Roissy 4, le nouvel aéroport prévu pour la plateforme parisienne ne verra pas le jour. C’est évidemment une nouvelle énorme qui marque non seulement une inflexion dans les perspectives du transport aérien, mais aussi potentiellement une réorganisation géographique de ce dernier et une véritable décentralisation aérienne.
La ministre de la Transition écologique, Barbara Pompili, a annoncé il y a une semaine dans les colonnes du Monde, l’abandon du projet Roissy 4. C’est le réalisme qui a prévalu. Le projet n’avait jamais, malgré sa dimension symbolique et ses effets environnementaux, mobilisé des mouvements écologistes, ni suscité la création de ZAD (Zone à Défendre).
Valérie Pécresse d’abord
Valérie Pécresse, présidente de la région Ile-de-France avait la première demandé l’abandon du projet. Devant l’effondrement conjoncturel, et la remise en question durable du trafic aérien, elle avait clairement pris position dès le mois d’août 2020, en plein débat public. « Comment imaginer un débat public éclairé alors que le trafic aérien est totalement effondré pour plusieurs années ? Comment susciter des échanges apaisés alors que l’avion est devenu un symbole de controverse écologique ? C’est pourquoi j’appelle aujourd’hui l’État et ADP à arrêter ce projet du T4 pour prendre le temps de repenser le monde aérien de demain. Il ne s’agit pas de prôner la décroissance et d’abandonner toute ambition pour Roissy, ce qui ne conduirait qu’à déplacer les long-courriers dans les aéroports des pays voisins en sacrifiant nos emplois. Mais nous devons en revanche accepter de revoir notre modèle de croissance permanente d’un trafic aérien trop bruyant et polluant. »
L’abandon de Roissy 4 est un acte de réalisme et de responsabilité. Il met sur la table les enjeux qui sont aussi des enjeux de décentralisation du système de transport. À coup sûr, Roissy 4 aurait été une énorme pompe aspirante, contraignant encore davantage d’usagers de l’avion à faire le détour par Roissy, comme c’est déjà souvent le cas.
Une économie importante
Roissy 4, c’était une dépense estimée entre 7 milliards et 9 milliards d’euros, soit l’équivalent de la dépense du tunnel de base Lyon-Turin. La comparaison vaut pour l’enveloppe globale.
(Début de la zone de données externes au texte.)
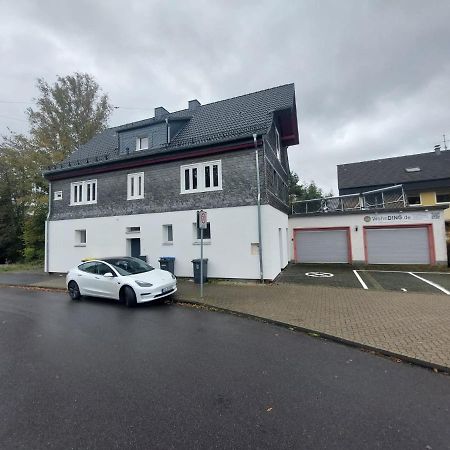 Kinderklinik 600M Zum Bahnhof 2A Siegen Buitenkant foto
Mais du côté de Roissy 4, les incertitudes étaient grandes, la réalité l’a montré. La pandémie a mis en lumière la fragilité du transport aérien. La construction du futur terminal devait être supportée largement par Aéroports de Paris, société dont l’État est actionnaire majoritaire, sans aide européenne. Le fardeau devait être supporté par la France seule. Le tunnel de base de la liaison Transalpine ne sera supporté par la France qu’à hauteur d’environ 2,5 milliards, l’Italie et surtout l’Europe portant l’essentiel de la dépense.
Un nouveau projet plus écologique
Le groupe Aéroports de Paris (ADP) devra présenter un nouveau projet «plus cohérent avec ses objectifs de lutte contre le changement climatique et de protection de l’environnement », a annoncé au Monde la ministre de la transition écologique, Barbara Pompili. « Nous aurons toujours besoin des avions, mais il s’agit d’être dans une utilisation plus raisonnée de l’aérien, et d’atteindre une baisse des émissions de gaz à effet de serre du secteur », poursuit-elle. Le futur projet devra intégrer l’amélioration des infrastructures pour augmenter l’intermodalité avec le train pour favoriser l’accès par le rail à Roissy, et non par des vols intérieurs. La géothermie devra chauffer l’ensemble de l’aéroport et réduire sa consommation énergétique. Enfin, l’aéroport devra intégrer des avions à hydrogène ou électriques, alors que le plan de relance investit 1,5 milliard d’euros pour un avion neutre en carbone d’ici à 2035.